The markets presented plenty of head fakes this quarter. In January, contrary to everyone's expectations, the gains of last year kept right on coming through most of the first quarter, only to hit a brick wall in March thanks to troubles in the Middle East followed by nature's one-two punch to Japan. Despite that, the indexes finished the first quarter with the best gains in over two decades.

The Dow racked up 742 points (6.4 percent), the S&P 500 Index gained 68 points (5.4 percent) while the NASDAQ closed up 128 points for a 4.8 percent gain. If we annualize those gains we could be looking at a 20 percent plus gain for the year, which puts my forecast of a 20-23 percent gain in 2011 right on target.

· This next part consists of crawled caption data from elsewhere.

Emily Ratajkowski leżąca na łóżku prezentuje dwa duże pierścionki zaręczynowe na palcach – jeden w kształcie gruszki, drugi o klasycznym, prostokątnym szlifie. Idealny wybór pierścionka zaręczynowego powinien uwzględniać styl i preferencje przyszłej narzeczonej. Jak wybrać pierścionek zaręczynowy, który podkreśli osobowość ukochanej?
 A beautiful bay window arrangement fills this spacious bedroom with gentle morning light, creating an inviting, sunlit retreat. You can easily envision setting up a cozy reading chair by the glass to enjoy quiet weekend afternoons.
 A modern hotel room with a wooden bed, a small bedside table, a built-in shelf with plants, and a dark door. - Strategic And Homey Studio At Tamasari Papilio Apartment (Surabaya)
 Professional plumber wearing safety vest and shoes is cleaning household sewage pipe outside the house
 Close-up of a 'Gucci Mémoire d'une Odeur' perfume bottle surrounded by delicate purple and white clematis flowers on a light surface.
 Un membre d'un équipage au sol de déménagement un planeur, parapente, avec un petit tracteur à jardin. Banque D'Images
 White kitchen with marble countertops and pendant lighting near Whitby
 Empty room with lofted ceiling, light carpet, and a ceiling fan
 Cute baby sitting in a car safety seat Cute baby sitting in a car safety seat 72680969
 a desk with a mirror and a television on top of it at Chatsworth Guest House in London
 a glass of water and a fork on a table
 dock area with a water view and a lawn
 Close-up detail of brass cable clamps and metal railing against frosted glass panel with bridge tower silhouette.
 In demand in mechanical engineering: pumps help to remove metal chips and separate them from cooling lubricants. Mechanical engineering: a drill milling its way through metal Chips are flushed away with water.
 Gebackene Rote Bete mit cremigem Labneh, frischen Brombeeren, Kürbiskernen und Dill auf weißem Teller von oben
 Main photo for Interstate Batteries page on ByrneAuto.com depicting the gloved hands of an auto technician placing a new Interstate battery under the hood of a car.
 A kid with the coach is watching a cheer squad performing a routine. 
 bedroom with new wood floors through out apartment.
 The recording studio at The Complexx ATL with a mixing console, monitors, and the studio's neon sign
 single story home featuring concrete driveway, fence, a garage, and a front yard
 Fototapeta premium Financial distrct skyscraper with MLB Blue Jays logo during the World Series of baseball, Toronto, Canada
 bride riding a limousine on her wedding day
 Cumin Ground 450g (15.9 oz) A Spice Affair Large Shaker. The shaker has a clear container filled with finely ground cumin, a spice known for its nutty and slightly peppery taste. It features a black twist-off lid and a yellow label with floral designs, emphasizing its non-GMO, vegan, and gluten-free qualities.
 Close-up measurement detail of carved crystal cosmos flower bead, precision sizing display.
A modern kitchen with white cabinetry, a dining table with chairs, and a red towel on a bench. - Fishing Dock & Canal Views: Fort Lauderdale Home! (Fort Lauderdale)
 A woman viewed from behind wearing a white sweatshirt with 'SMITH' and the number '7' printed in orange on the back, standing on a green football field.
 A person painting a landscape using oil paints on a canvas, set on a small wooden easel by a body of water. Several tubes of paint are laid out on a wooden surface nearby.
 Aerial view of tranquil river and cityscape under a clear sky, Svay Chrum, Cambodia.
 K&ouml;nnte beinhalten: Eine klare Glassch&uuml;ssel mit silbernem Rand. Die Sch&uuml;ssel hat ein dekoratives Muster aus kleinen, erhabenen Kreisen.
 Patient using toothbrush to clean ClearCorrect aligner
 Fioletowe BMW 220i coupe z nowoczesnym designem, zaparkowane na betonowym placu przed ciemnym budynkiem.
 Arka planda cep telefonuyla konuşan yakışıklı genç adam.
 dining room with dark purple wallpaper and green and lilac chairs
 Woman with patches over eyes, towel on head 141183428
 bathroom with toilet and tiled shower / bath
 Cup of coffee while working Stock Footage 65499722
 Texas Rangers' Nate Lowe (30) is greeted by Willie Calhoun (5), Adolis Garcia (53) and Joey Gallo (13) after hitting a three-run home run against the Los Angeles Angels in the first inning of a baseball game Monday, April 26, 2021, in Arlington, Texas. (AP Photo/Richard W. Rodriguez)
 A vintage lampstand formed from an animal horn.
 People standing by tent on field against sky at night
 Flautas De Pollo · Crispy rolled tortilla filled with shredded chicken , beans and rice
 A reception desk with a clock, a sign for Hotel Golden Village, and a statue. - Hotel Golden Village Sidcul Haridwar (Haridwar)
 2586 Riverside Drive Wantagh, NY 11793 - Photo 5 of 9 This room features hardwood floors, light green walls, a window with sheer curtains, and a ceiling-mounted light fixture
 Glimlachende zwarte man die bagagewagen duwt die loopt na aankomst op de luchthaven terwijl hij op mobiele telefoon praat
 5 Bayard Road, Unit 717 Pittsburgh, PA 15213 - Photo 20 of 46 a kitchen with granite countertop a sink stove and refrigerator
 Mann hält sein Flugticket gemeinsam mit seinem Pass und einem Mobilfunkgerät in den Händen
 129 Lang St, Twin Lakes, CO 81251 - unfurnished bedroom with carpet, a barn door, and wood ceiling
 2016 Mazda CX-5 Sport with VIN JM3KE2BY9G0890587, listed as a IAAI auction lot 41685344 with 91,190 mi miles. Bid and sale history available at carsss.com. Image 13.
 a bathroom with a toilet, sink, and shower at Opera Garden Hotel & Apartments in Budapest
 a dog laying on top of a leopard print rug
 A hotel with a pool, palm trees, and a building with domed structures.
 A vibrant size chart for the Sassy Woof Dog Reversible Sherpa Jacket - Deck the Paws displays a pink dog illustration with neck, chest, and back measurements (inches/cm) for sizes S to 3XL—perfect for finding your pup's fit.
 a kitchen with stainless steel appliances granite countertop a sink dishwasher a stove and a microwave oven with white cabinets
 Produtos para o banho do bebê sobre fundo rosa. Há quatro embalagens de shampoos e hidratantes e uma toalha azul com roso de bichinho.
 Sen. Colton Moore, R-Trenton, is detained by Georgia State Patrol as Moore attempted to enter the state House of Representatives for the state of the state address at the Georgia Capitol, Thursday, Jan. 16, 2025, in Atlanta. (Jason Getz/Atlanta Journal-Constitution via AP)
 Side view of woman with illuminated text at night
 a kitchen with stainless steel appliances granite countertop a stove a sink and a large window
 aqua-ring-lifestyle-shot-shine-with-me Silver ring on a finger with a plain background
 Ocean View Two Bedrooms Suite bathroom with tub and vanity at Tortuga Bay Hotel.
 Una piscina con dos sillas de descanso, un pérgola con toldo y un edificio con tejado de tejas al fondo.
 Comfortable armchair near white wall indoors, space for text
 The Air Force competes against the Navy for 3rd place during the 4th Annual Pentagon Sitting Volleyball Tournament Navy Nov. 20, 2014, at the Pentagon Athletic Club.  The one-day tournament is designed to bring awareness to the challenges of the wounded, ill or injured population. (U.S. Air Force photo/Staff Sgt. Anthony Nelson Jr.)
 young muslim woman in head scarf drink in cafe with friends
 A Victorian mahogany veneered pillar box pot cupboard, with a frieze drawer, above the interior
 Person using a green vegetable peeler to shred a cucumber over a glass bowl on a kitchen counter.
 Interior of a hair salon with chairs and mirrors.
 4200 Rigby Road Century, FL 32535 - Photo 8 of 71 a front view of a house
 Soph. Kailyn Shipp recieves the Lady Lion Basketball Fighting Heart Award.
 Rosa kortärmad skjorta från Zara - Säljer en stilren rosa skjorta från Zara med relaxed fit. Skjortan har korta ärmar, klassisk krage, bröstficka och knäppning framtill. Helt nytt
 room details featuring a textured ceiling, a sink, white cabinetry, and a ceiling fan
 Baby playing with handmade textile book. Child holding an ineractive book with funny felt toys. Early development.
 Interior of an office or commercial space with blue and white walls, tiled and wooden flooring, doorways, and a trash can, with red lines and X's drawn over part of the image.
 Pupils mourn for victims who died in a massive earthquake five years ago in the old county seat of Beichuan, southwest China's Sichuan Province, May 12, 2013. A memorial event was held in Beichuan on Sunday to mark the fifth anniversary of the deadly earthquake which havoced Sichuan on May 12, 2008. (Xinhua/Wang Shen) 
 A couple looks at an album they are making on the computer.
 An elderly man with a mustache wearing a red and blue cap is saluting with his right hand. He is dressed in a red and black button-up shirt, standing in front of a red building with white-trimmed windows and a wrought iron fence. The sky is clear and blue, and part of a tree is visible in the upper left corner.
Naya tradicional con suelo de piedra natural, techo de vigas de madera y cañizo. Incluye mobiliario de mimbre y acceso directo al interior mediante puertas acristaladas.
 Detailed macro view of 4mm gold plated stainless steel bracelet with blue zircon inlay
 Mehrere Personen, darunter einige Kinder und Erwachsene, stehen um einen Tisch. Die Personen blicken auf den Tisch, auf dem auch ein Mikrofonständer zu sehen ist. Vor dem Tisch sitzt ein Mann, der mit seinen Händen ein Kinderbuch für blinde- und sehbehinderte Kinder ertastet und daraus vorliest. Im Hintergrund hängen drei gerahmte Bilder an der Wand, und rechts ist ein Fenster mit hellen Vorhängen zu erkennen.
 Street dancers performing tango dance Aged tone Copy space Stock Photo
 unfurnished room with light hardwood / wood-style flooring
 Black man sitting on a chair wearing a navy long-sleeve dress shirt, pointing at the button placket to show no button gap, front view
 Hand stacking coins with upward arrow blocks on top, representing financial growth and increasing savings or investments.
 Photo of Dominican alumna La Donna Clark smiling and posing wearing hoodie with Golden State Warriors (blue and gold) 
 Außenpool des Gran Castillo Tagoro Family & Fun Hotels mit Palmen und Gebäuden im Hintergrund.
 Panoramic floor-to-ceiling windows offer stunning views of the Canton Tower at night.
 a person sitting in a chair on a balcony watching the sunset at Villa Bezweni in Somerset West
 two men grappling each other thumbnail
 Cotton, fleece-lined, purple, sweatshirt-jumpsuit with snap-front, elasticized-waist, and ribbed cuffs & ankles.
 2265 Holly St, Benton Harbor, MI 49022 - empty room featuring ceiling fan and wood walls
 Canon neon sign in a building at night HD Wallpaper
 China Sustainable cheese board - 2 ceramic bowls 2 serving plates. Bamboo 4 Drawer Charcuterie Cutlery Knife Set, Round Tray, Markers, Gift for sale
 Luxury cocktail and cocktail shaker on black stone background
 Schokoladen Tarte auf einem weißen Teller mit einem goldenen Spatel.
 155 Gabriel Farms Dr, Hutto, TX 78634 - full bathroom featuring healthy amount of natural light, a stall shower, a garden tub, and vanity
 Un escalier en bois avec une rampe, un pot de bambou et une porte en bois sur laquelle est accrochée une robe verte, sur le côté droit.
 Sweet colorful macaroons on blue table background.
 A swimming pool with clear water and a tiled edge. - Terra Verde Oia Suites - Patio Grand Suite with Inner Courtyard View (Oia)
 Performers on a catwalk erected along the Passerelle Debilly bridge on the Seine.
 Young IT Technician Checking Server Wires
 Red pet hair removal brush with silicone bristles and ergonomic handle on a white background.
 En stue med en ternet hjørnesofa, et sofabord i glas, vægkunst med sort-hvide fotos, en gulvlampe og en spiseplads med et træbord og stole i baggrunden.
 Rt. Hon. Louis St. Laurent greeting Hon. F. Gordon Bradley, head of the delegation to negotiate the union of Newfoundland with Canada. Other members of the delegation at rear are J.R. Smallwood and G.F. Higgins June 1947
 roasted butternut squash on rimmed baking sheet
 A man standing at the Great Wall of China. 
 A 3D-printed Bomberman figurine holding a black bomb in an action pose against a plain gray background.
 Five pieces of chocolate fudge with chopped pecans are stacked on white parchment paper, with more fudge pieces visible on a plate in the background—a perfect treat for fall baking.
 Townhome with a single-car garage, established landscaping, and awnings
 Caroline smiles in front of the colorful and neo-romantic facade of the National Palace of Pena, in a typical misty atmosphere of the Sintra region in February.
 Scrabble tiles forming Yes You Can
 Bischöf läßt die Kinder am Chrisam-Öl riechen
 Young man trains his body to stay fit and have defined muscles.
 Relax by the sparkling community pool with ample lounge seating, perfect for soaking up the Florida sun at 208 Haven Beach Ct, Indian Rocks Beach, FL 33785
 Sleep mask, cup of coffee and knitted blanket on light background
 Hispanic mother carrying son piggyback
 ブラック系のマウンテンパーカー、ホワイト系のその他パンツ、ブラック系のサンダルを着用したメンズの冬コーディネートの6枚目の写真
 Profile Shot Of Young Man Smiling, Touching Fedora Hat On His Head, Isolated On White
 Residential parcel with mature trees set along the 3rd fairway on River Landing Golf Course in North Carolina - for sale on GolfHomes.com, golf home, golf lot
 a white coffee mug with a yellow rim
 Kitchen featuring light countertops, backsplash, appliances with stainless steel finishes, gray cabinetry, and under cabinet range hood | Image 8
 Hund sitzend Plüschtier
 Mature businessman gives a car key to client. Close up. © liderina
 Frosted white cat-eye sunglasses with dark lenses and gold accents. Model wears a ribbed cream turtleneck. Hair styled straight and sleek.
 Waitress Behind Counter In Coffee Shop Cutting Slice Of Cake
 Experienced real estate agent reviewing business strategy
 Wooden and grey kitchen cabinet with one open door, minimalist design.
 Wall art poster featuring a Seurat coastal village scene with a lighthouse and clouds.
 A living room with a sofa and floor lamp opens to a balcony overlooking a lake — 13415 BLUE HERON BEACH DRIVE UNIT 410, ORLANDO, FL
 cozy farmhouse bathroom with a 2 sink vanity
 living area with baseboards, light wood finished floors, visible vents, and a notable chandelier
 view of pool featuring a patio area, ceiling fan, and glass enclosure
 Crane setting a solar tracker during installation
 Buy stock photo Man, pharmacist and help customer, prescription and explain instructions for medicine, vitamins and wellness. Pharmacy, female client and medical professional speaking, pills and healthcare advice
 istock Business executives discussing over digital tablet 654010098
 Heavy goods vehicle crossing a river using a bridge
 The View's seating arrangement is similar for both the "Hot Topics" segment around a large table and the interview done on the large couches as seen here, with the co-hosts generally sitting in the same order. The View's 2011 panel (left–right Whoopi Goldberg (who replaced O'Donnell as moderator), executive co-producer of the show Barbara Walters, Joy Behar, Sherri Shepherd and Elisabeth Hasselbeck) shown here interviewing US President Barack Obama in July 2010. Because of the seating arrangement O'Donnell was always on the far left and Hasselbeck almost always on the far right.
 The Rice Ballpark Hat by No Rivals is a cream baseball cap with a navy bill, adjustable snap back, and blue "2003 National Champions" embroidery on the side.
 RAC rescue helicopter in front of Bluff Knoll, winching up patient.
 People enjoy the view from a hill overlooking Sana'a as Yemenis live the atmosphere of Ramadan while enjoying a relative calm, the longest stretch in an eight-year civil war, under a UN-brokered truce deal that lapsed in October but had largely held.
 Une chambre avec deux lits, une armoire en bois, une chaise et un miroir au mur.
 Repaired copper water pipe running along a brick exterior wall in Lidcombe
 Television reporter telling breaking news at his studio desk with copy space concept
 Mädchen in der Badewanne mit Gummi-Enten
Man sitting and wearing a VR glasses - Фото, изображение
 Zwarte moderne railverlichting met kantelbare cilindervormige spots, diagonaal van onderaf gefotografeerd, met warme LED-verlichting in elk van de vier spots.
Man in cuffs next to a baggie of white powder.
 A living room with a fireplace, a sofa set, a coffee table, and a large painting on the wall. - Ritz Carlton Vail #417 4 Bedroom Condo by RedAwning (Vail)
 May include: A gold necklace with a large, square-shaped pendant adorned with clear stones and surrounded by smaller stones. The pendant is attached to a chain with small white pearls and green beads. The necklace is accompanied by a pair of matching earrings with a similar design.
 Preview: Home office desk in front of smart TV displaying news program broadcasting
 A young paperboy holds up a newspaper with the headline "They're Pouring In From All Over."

"It was a choppy quarter though," commented one client on Friday who lives in Dalton.

I agree. Clearly this market is exacting a price (higher stress and wear and tear on the nerves) for the gains we are making. I suspect that additional volatility is waiting for us as we continue to climb a wall of worry throughout this next quarter. Some of the concerns I believe will haunt us through the spring are the price of oil brought on by geopolitical turmoil, continued problems among European financial institutions and, of course, the end of QE II, which occurs in June.

Can the economy continue to grow without the multibillion dollar monetary stimulus that the Fed has been providing for well over a year? The economy appears to be growing and unemployment declining, but is that a function of real demand or simply a response to the Fed's easy money policies? How will the stock and bond markets react to an end to this stimulus?

Smarter people than I are expecting a rapid and disastrous response by the bond markets to the sunset of QE II. They believe that interest rates will immediately spike, disrupting what little lending is already occurring and thereby throwing the economy back into recession. I find that hard to believe.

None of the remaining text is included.